London pre-open: Stocks set for slightly higher start despite doubts around virus outbreak
Stocks are being called to start the session slightly higher even as traders continue to grapple with the difficulty of pinpointing how far along China is in controlling the outbreak of a new coronavirus in the country.
Despite that, the FTSE 100 is being called to start the session three points higher at 7,455.
On Thursday, Chinese officials revised the methodology employed to count coronavirus cases to include "suspected" cases, or patients diagnosed with CT imaging scans, which are less reliable than nucleic acid tests, resulting in a spike in the reported number of cases.
"Markets are already adjusting to the new reality with shares in Asia falling and havens like gold and US treasuries rising. However, losses are limited for now," said Jasper Lawler, director of research at LCG.
"If this new methodology means detection methods have improved and if the spike in the number of cases is a one-off, then a larger market sell-off might be averted."
No major UK economic reports are scheduled for release on Friday.

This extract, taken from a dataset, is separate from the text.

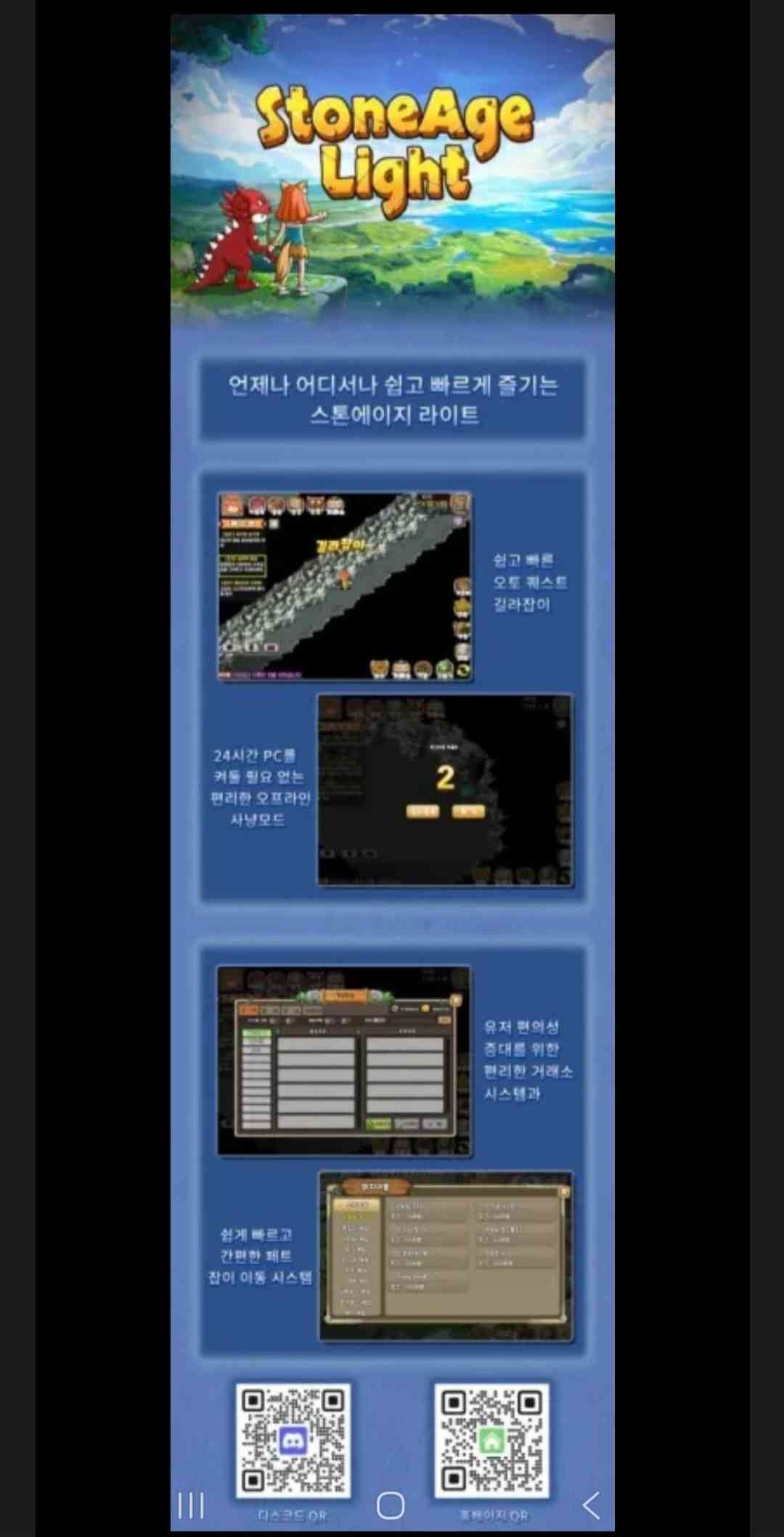 Screenshot_20250709_001659_NAVER.jpg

Stateside, a raft of economic data is due out, starting with readings on monthly import prices and retail sales in December at 1330 GMT, followed by figures on industrial production at 1415 GMT and consumer confidence at 1500 GMT.
Meanwhile, in the euro area, investors will be watching the latest readings on euro area trade and gross domestic product covering the month of December and the fourth quarter of 2019, respectively.
Both reports are due out at 1000 GMT.
Drug giant's bottom-line hit by writedowns
AstraZeneca's annual profit fell 14% as rising costs and higher asset writedowns offset sales increases at the pharmaceutical company. Operating profit for the year to the end of December declined to $2.9bn from $3.4bn a year earlier as revenue rose 10% to $24.4bn.
Royal Bank of Scotland reported a rise in annual profits as it forecast a £200m hit to its personal business from regulatory changes. The bank reported operating profit before tax of £4.23bn for the financial year, up from £3.3bn and declared a final ordinary dividend of 3.0 pence a share with a 5.0 pence special dividend. It also announced that it would change its parent company name from RBS to NatWest Group later this year.
Segro reported a 10.8% rise in its adjusted pre-tax profit in its full-year results on Friday, to £267.5m, which it said reflected a record year of development completions, high customer retention rates, like-for-like rental growth and a low vacancy rate. The FTSE 100 property investment and development company said adjusted earnings per share stood at 24.4p for the 12 months ended 31 December, which was up 4.3% over 2018, or 9.9% higher excluding the impact of the SELP performance fee received in 2018.